When you encounter a function that is the division of two other functions, the quotient rule is the tool you'll use to differentiate it. The rule is structured to handle these more complex functions by taking into account both the numerator and the denominator and their derivatives.
This is how the quotient rule works in practice:

• If you have a function defined as \( f(x) = \frac{u(x)}{v(x)} \), the derivative \( f'(x) \) is \( \frac{u'(x)v(x) - u(x)v'(x)}{(v(x))^2} \).
• \( u'(x) \) and \( v'(x) \) are the derivatives of the numerator and denominator functions, \( u(x) \) and \( v(x) \), respectively.
• The quotient rule is particularly useful because it automatically accounts for the product and chain rules when necessary within its formulation.
• The denominator \((v(x))^2\) ensures we factor in the effect of division more extensively, as divisions can introduce faster increases or decreases in the function value.

Remember, while the quotient rule can look daunting due to multiple operations involved, breaking it down into steps as done here makes the process much smoother.

The chain rule is essential when dealing with composite functions - that is, functions within functions. Imagine peeling layers of an onion, the chain rule allows us to differentiate through these layers effectively.

How does it work? Let's dive in:

• If you have a function \( g(x) = h(f(x)) \), and you want to find \( g'(x) \), you'll take the derivative of the outer function evaluated at the inner function \( h'(f(x)) \), and multiply it by the derivative of the inner function \( f'(x) \).
• This is expressed as \( g'(x) = h'(f(x)) \cdot f'(x) \).
• In our exercise, for example, \( u(x) = \sqrt{2x-1} = (2x-1)^{1/2} \), the outer function is \( (2x-1)^{1/2} \), and the inner function is \( 2x-1 \).
• We use the chain rule to first differentiate the outer part \( (2x-1)^{1/2} \), which is \( \frac{1}{2}(2x-1)^{-1/2} \), then multiply it by the derivative of \( 2x-1 \), which is \( 2 \).
• Resulting in \( \frac{1}{\sqrt{2x-1}} \) – a great example of the chain rule simplifying your differentiation tasks.

This rule allows us to unpack and handle the complexities of nested functions.

The power rule is one of the simplest and most powerful tools in differentiation.
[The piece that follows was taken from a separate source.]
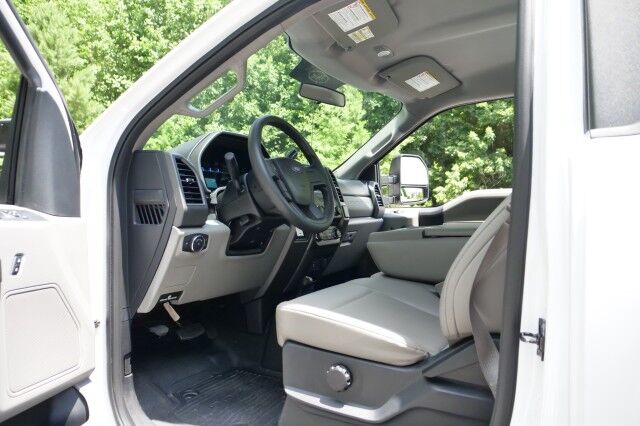 2017 Ford Super Duty F-250 XL 4X4 / 6.2L V8 / Long Bed / Regular Cab! High Point NC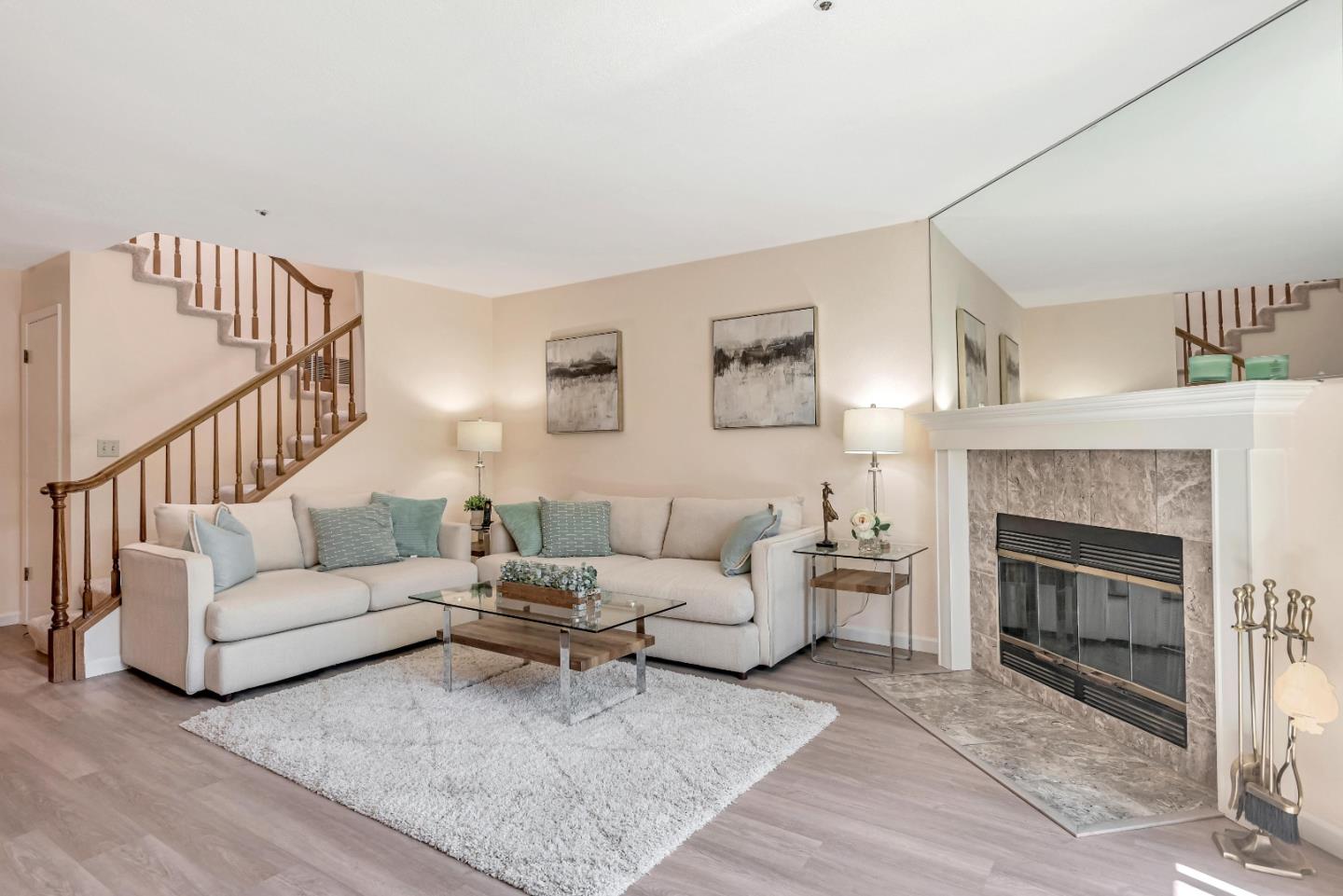 264 Bonita LN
It's particularly handy when dealing with polynomials or terms raised to a power.

Here's the main idea:

• If a function \( h(x) = x^n \), the derivative \( h'(x) \) is obtained by bringing down the exponent \( n \) and multiplying it by the base raised to a power one less: \( h'(x) = nx^{n-1} \).
• In our case, when we differentiated \( v(x) = (x-1)^2 \), we applied the power rule easily by setting \( n=2 \). This gives us \( v'(x) = 2(x-1)^{1} \).
• This straightforward process makes handling polynomials particularly efficient.

Part and parcel of simplifying any derivative task is recognizing where the power rule applies. Combining it with other rules, like the quotient or chain rule, streamlines more complicated problems.